◆ Work request ◆
What you return should match the entries below exactly, only without the images.

[Image-text web data]
+++
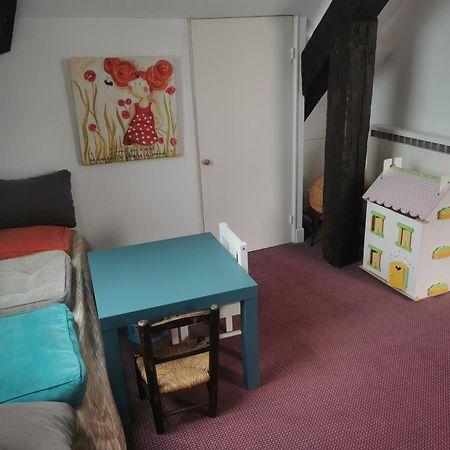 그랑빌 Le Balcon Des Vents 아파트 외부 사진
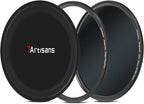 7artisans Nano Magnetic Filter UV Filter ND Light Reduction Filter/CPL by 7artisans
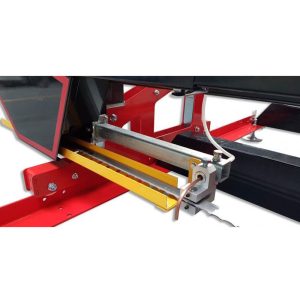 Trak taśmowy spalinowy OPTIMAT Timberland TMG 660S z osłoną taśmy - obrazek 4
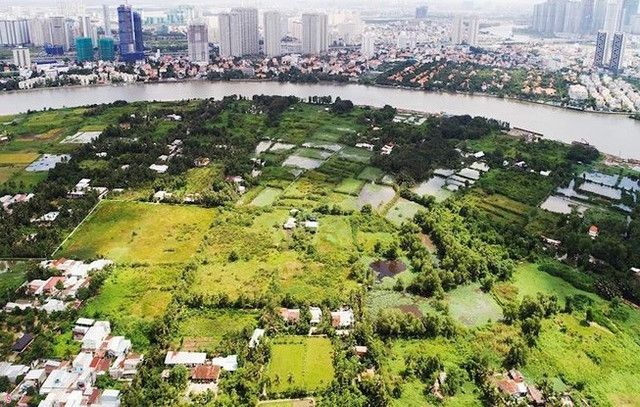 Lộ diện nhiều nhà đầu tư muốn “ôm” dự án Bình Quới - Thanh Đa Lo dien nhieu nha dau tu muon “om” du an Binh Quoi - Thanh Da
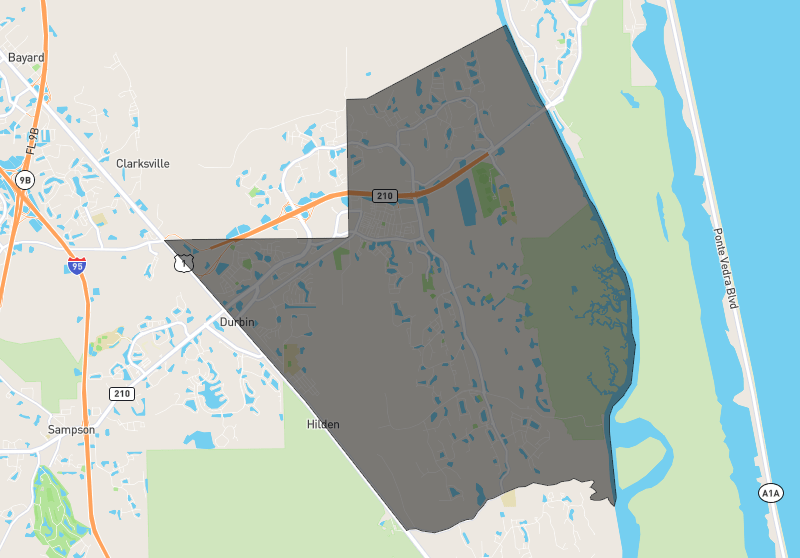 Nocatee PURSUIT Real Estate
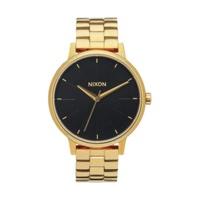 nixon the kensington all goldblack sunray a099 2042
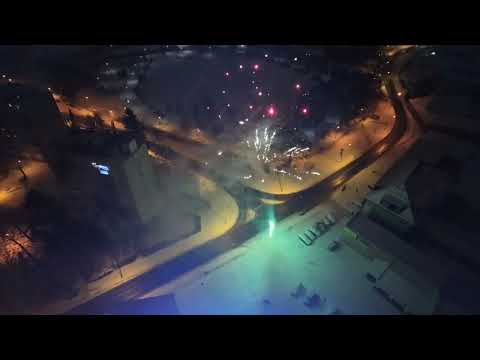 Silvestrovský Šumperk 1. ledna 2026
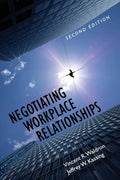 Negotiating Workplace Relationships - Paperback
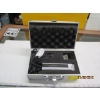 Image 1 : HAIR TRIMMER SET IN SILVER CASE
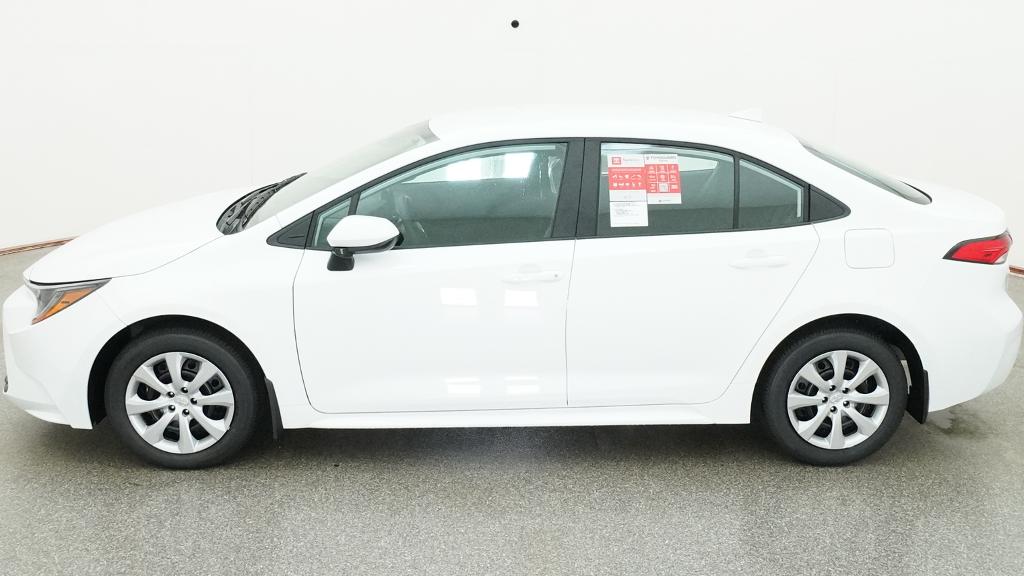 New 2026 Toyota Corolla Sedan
+++
◆ Solution ◆
 그랑빌 Le Balcon Des Vents 아파트 외부 사진
 7artisans Nano Magnetic Filter UV Filter ND Light Reduction Filter/CPL by 7artisans
 Trak taśmowy spalinowy OPTIMAT Timberland TMG 660S z osłoną taśmy - obrazek 4
 Lộ diện nhiều nhà đầu tư muốn “ôm” dự án Bình Quới - Thanh Đa Lo dien nhieu nha dau tu muon “om” du an Binh Quoi - Thanh Da
 Nocatee PURSUIT Real Estate
 nixon the kensington all goldblack sunray a099 2042
 Silvestrovský Šumperk 1. ledna 2026
 Negotiating Workplace Relationships - Paperback
 Image 1 : HAIR TRIMMER SET IN SILVER CASE
 New 2026 Toyota Corolla Sedan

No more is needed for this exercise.